Forwarding without permission
The smallest sharing decision — forward this voicemail to one other person — is the one that most often goes wrong. The forwarder is acting on intuitions about what the recipient already knows, what the original speaker would think, what the consequences will be. Those intuitions are often correct; when they are wrong, the harm is harder to undo than the harm of any other sharing decision, because the forwarder is unlikely to find out about the consequences.

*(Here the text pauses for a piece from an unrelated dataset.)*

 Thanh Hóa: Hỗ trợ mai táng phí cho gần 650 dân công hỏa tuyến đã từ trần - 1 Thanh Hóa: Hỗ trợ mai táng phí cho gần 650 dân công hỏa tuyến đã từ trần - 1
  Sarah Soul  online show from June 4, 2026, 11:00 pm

The mitigations are simple: ask the person on the recording before forwarding; warn the recipient that the recording is not yours to share publicly; share a transcript or summary instead of the audio where possible.
Editing
A recording shared in full is different from a recording shared as a clip. Both can be honest; both can mislead. The default standard is that a clip should not change the meaning of what was said in the full recording. The journalistic norm is stricter: a clip presented as a direct quote should be a direct quote, with audible markers of any edit. Producing a clip that, in isolation, says something the full recording does not is misleading even when no word is altered.
The platform’s share
Sharing on a platform — YouTube, Spotify, social media — gives the platform a copy. The platform’s terms of service typically give the platform broad rights to use the audio for service-related purposes; some terms reserve rights for training of machine-learning models. For sensitive recordings, this aspect of sharing is worth reading the terms for, not skipping over.
Right of publicity and defamation
Beyond consent and ethics, two legal frames bear on sharing. The right of publicity in many states protects against the commercial use of a person’s voice or likeness without permission. Defamation law applies to recordings just as it does to writing — a true recording that is published with material edits or false context can be defamatory. Both areas of law are sleeping until someone is harmed; when they wake, they are unpleasant.
A few concrete questions
- What was the original consent? Does it extend to this sharing?
- If I asked the person on the recording for permission to share, what would they say?
- How wide is the share? Who can see it after I send it?
- Can I share a transcript or summary instead of the audio?
- If a clip, does the clip accurately represent the full recording?